2) La Loi sur les télécommunications
[33] Teksavvy soutient que l’article 36 de la Loi sur les télécommunications ordonne aux FAI de respecter la neutralité du Net et dispose que le CRTC doit approuver les exceptions à ce principe. Cet article est rédigé ainsi :
Neutralité quant au contenu
Content of messages
36 Il est interdit à l’entreprise canadienne, sauf avec l’approbation du Conseil, de régir le contenu ou d’influencer le sens ou l’objet des télécommunications qu’elle achemine pour le public.
36 Except where the Commission approves otherwise, a Canadian carrier shall not control the content or influence the meaning or purpose of telecommunications carried by it for the public.
[34] Teksavvy fait valoir que cette disposition interdit à la Cour fédérale d’ordonner à un FAI de bloquer un site Web. Les demandeurs ne mettent pas en doute le principe général de la neutralité du Net, mais ils soutiennent que l’article 36 de la Loi sur les télécommunications ne l’emporte pas sur la compétence de la Cour fédérale de rendre des ordonnances de blocage de sites.
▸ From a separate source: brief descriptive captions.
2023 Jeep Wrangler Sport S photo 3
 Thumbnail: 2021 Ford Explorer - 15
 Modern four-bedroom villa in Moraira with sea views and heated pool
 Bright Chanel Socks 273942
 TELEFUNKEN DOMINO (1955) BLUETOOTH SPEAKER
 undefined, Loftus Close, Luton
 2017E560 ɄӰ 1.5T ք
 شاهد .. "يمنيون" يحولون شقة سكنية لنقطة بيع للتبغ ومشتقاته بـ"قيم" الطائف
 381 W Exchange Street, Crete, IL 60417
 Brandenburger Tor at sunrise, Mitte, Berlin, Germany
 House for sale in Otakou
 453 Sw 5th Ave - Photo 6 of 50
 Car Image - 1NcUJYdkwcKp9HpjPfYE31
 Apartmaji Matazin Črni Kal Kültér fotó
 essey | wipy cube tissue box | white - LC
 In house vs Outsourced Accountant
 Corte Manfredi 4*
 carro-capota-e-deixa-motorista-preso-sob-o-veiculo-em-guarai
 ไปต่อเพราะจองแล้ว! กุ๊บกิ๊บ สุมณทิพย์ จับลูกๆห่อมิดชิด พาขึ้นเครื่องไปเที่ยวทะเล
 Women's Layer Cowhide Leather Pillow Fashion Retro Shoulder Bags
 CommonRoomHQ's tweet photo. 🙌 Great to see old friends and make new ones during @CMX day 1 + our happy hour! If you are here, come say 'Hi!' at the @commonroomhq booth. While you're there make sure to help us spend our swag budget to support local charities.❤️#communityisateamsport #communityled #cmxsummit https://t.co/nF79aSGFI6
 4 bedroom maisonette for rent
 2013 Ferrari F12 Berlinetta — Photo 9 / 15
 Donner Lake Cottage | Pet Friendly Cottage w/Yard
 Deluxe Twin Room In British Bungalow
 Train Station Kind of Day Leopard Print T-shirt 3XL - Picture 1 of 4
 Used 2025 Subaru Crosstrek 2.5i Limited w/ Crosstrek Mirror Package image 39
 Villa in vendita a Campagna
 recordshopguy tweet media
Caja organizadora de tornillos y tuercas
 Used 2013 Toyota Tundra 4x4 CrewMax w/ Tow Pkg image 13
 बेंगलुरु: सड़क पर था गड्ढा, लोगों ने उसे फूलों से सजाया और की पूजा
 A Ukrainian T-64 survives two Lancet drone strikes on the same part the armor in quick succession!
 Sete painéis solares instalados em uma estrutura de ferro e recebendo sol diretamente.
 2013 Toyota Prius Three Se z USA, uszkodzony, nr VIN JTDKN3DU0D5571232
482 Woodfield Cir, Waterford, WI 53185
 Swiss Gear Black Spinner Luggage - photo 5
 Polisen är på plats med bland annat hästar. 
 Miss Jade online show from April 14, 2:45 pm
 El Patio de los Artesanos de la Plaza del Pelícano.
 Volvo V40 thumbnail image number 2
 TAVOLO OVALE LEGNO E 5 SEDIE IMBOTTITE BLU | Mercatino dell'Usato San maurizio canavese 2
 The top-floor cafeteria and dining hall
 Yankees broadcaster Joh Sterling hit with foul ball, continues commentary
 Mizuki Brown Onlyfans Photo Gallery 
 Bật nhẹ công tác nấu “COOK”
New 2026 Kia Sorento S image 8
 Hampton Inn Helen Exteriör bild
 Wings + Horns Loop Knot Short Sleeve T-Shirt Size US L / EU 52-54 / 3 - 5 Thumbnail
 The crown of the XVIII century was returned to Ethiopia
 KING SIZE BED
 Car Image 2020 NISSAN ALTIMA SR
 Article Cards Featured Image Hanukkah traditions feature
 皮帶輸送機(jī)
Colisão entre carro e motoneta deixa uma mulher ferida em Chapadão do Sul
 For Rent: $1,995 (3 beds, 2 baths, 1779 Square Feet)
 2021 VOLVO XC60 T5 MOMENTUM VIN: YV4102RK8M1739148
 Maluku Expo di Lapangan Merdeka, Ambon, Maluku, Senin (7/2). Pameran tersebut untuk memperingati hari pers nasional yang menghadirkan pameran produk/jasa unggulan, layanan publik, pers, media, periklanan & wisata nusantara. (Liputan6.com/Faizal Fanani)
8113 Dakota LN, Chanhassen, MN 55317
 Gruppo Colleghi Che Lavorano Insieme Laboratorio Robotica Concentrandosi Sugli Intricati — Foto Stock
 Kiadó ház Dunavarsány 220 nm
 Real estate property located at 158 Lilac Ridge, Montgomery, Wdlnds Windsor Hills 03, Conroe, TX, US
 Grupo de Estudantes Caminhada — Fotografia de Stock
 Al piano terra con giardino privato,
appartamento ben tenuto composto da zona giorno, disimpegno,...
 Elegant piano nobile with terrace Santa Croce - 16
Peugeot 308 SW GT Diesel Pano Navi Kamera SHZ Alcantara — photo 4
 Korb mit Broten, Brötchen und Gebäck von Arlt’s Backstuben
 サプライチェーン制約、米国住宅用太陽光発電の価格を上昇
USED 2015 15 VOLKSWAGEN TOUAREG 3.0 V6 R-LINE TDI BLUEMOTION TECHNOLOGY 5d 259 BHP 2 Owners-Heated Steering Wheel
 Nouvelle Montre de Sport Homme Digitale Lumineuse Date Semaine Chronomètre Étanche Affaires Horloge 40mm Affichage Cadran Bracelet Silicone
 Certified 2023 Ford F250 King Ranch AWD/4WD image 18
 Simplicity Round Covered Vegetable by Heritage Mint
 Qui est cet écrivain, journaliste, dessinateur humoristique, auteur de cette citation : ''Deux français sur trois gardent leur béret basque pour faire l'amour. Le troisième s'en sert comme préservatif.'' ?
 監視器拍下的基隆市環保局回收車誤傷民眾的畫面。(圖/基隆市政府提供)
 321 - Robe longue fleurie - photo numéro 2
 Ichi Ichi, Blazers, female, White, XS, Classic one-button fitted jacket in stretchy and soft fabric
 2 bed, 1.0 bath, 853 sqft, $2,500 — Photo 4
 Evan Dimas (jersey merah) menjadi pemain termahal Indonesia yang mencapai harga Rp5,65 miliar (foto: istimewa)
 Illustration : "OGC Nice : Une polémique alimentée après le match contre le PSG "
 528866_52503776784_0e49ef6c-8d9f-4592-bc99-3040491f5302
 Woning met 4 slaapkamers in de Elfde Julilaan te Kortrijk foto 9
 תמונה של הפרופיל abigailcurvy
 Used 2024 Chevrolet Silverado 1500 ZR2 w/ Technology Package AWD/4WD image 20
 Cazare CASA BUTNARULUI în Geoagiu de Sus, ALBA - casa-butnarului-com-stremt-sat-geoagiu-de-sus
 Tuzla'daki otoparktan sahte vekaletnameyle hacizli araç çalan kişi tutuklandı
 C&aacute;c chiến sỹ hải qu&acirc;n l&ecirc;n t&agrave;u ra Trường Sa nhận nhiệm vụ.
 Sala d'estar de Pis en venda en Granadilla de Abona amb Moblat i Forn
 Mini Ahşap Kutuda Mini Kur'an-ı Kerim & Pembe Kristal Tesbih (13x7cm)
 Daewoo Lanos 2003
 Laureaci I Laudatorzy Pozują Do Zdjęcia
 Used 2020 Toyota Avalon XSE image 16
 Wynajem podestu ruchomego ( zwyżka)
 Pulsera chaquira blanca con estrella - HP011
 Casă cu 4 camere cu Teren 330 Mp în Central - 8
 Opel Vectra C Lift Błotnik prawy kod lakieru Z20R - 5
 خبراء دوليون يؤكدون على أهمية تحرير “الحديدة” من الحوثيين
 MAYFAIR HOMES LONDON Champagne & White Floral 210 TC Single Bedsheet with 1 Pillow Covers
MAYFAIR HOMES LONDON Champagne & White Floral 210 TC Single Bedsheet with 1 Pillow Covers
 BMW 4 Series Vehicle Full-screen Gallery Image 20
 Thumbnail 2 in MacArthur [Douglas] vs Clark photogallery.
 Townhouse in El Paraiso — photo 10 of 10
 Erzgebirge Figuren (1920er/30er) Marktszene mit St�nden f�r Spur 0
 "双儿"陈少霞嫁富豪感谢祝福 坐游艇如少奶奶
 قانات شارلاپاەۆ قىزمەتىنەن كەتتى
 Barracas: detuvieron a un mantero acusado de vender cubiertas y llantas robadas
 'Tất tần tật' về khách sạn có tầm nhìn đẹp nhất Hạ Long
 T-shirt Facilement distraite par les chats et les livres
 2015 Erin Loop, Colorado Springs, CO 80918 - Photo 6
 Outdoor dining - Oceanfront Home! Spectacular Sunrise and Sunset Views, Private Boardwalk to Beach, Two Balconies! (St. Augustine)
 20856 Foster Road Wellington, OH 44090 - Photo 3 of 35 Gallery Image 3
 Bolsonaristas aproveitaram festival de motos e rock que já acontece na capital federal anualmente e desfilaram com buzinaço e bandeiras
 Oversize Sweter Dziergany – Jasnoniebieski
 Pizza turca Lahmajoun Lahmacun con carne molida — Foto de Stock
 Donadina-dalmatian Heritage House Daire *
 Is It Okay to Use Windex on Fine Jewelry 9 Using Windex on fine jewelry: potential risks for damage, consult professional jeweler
[35] Les demandeurs font observer que le CRTC a reconnu que, bien qu’il puisse autoriser le blocage d’un site, il n’a pas le pouvoir d’exiger du FAI qu’il bloque un site Web : décision de télécom CRTC 2018-384 au para. 67. Teksavvy répond qu’à l’heure actuelle, le blocage de sites est assujetti à un processus en deux étapes où la Cour fédérale devrait d’abord rendre une ordonnance qui habiliterait le CRTC à ordonner le blocage d’un site Web. Bien que les demandeurs ne souscrivent pas à cette observation, il est intéressant de noter un passage dans le rapport du Comité permanent de l’industrie, des sciences et de la technologie de la Chambre des communes daté de juin 2019. À la page 104 de ce rapport, il semble être indiqué que trois des intimés dans le présent appel (ou leurs sociétés affiliées), BCE, Shaw et TELUS, ont convenu, dans les observations présentées à ce Comité, qu’un tel processus en deux étapes était en effet nécessaire et que la Loi sur les télécommunications devrait être modifiée afin de régler ce « dédoublement inutile de la procédure ».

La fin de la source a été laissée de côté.